Gallery Weekend in Berlin was a sad affair this year. Klaus Biesenbach made a tour. I know because he posed together with gallerists, who then took great pride in posting the photos on their social media. I took note of those galleries that still think, after Nan Goldin, that Biesenbach is amaaaaazing.
There were Gallery Weekend talks (at the Neue Nationalgalerie). I scanned the list and none of them discussed topics that touched even slightly upon what is happening in the Berlin art world at the moment. For instance, how art critics are now also spies - I mean, for real, they tag the police in their posts to denounce artists. Yes, art critics tag the police! And yes, this is the year 2025.
So yes, everyone was just acting as if the sky is blue. I myself did go to an opening at Chertlüdde on Friday night. The ghost of the former legendary costume store that was housed in this space in Schöneberg, never seems to have left the building. A certain theatricality, drama, and storytelling always permeate the exhibitions.
Urbano's environment "September and the Lions" references the Tiergarten park in the area surrounding the Lion's Bridge, since the 1950s known as a queer cruising site, while Di Massimo's painted self-portraits and notebooks, "Son of a Witch", use reenactments and automatic writing as a form of channeling.

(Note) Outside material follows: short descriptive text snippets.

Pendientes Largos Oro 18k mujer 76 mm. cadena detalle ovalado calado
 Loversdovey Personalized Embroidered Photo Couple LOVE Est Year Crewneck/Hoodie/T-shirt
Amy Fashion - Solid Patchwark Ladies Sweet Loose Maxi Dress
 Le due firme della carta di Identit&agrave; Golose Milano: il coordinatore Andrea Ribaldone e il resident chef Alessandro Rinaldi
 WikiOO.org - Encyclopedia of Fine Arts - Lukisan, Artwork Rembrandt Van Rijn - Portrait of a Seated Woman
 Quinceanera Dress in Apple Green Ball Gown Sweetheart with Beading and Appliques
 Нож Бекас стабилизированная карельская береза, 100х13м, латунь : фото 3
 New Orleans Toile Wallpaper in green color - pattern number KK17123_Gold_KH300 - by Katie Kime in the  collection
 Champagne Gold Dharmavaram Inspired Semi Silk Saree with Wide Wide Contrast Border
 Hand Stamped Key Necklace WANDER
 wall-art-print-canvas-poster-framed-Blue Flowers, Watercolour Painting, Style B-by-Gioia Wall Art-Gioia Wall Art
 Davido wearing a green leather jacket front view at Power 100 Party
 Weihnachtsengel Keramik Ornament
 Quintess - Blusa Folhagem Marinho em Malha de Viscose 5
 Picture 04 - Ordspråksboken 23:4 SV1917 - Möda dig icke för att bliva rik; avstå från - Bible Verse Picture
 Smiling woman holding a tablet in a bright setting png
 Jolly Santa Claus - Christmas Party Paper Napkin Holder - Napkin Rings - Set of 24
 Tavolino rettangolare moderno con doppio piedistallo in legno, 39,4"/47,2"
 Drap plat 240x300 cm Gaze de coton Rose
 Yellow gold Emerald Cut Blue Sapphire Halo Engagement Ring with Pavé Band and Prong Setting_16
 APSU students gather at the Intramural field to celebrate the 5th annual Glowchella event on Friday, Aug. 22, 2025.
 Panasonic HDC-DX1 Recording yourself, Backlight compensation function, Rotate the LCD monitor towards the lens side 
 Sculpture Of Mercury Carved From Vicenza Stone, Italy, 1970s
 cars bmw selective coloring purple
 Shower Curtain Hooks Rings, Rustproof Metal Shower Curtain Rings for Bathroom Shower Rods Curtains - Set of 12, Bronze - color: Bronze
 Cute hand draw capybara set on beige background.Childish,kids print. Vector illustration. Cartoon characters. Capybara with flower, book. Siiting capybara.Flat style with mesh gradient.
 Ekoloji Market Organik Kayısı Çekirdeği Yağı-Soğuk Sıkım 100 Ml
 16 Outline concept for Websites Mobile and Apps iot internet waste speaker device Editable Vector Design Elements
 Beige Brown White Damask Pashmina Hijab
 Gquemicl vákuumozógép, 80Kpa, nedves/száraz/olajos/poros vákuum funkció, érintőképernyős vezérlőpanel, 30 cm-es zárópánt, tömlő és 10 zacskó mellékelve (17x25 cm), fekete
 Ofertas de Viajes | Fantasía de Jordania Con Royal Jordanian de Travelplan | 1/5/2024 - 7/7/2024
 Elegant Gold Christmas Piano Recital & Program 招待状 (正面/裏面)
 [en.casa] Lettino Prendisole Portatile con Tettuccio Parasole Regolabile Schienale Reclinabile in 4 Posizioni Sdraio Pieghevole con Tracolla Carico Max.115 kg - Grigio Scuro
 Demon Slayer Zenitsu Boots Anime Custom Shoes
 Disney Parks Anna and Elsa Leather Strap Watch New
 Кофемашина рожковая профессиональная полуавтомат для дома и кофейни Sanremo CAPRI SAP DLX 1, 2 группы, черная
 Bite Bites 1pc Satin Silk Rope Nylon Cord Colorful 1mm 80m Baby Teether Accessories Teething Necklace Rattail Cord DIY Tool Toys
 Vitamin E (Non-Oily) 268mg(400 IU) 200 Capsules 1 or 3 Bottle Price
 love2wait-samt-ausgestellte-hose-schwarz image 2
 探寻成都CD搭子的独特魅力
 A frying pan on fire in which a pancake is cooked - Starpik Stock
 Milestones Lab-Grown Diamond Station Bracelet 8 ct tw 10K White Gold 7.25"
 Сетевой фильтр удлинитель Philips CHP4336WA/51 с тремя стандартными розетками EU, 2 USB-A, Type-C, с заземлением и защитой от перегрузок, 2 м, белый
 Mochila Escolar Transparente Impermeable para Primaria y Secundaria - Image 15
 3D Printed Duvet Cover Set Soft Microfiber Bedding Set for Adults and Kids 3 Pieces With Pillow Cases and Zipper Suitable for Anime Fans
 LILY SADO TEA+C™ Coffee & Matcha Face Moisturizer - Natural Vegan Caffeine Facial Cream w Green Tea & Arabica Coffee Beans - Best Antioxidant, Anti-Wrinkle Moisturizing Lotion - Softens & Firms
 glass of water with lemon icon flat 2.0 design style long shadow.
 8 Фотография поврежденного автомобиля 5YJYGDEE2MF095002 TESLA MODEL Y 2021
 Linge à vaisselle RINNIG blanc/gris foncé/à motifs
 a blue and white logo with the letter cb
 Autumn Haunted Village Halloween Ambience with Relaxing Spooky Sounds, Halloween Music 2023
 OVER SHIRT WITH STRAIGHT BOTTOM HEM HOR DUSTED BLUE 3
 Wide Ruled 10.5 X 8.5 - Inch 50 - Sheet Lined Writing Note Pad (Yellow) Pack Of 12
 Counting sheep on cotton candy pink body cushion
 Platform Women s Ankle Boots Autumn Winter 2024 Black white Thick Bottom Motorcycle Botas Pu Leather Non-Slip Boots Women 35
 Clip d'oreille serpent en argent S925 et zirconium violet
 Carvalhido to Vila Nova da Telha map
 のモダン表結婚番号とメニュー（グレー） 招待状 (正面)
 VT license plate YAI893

When experiencing the late-summer atmosphere of Urbano's park setting and the curtains and spirits of Di Massimo's paintings and writings, Christopher Isherwood 1939 novel Goodbye to Berlin comes to mind, the tale of a British emigré drawn to Berlin's queer culture in 1930s Germany. Outside the window at Chertlüdde, in the courtyard of this majestic Berlin house, there is, as always, the sculpture to be seen of what must be an angel because it has wings. I like to believe that the curator and writer Chus Martinez is right when she asks: "How many mystical creatures, avatars, puppets, artworks, poems, voices, performances, and tales, to regain a sense of wonder and innocence, and be able to face democracy again?"